Por Art1llero
El verdadero debate pendiente no es si un militar puede votar o ser votado, eso ya está resuelto por la Constitución desde hace más de un siglo; lo urgente es discutir con seriedad cómo frenar el creciente poder fáctico de las Fuerzas Armadas en tareas civiles sin renunciar a la seguridad pública ni a la democracia.
Porque el problema no es jurídico, sino político; no es la letra de la ley, sino la asimetría de poder entre lo militar y lo civil.
La reciente aprobación de la nueva Ley de la Guardia Nacional en junio de 2025 ha servido, más que para modificar sustancialmente el marco legal, como catalizador de una discusión necesaria.
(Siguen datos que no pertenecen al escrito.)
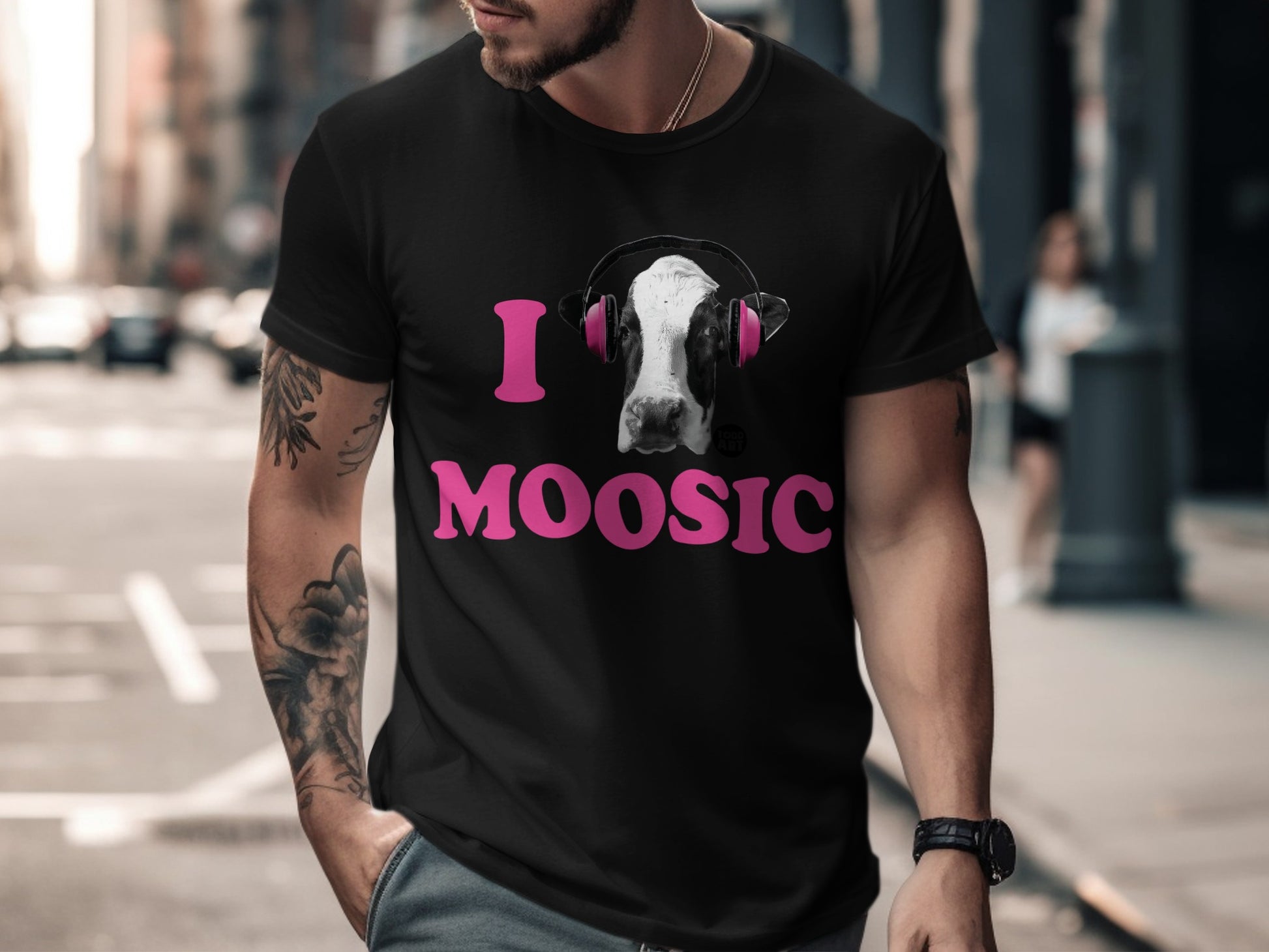 I Moosic Cow Headphones Funny Graphic T-Shirt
Se ha dicho, con alarmismo, que la norma abre la puerta a la participación de militares en activo en procesos electorales, que el Ejecutivo podrá “designar” candidatos desde el cuartel, que se viene un “golpe blando” desde dentro del Estado.
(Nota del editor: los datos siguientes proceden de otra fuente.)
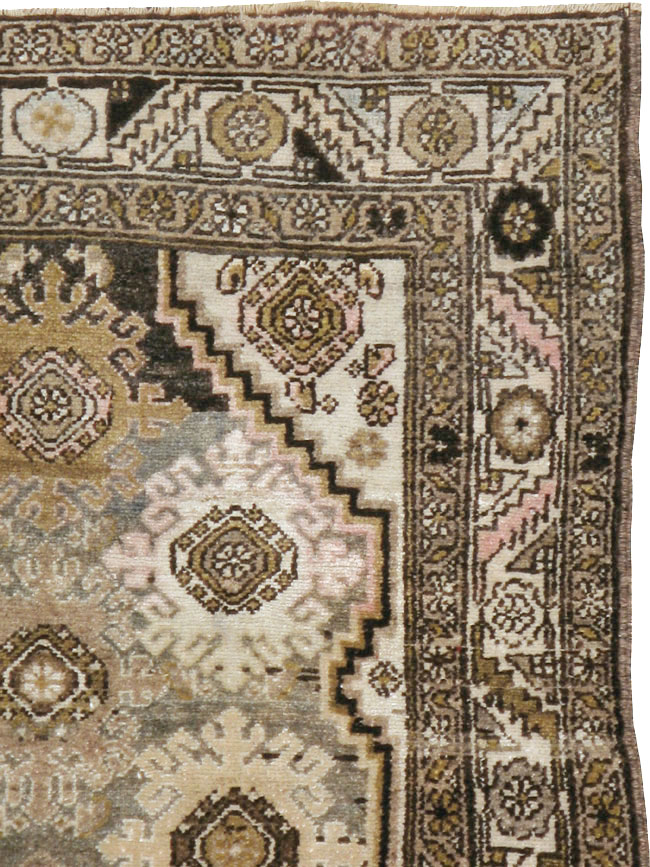Vintage Persian Northwest Rug, No.21320 - Galerie Shabab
Pero quienes enarbolan estas banderas omiten un detalle esencial, la posibilidad de que un militar se postule para un cargo de elección popular no es nueva, está contemplada en los artículos 55 y 82 de la Constitución, siempre que se separe del servicio activo en los plazos establecidos (90 días antes si aspira al Congreso; seis meses si busca la Presidencia).
Lo que hace la nueva Ley de la Guardia Nacional es reglamentar ese derecho dentro de un cuerpo que, aunque fue concebido en 2019 como civil, hoy opera plenamente bajo el mando de la Secretaría de la Defensa Nacional tras la reforma constitucional de 2024.
El artículo 44 de la nueva legislación establece que los elementos de la Guardia Nacional podrán solicitar licencias especiales para participar en política o asumir funciones civiles. Esa disposición ha sido interpretada por algunos como un privilegio o una concesión inédita.
En realidad, es una formalización de lo que ya ocurría, los militares pueden, y han podido históricamente, competir por cargos públicos, siempre que renuncien temporalmente a su encargo.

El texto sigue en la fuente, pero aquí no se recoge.